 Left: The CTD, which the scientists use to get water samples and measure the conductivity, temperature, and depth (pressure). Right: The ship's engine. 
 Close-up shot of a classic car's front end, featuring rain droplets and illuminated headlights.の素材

++++++++++++++++++++

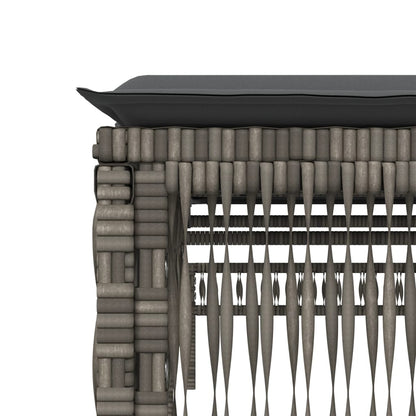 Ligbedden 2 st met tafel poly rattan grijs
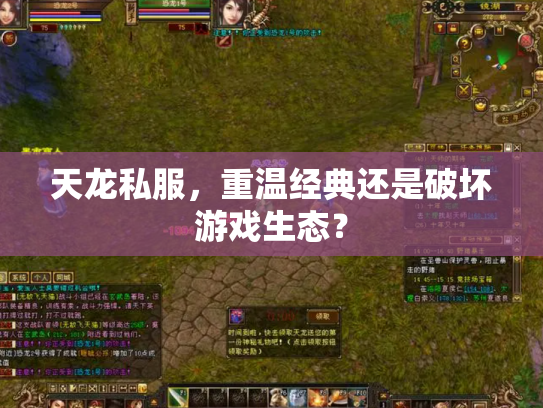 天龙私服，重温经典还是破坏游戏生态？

++++++++++++++++++++

Using the data above, retype exactly the lines from the line with "Ligbedden 2 st met tafel poly rattan grijs" to the line with "天龙私服，重温经典还是破坏游戏生态？", inclusive. No pictures and nothing else.

## Problem solution:
 Ligbedden 2 st met tafel poly rattan grijs
 天龙私服，重温经典还是破坏游戏生态？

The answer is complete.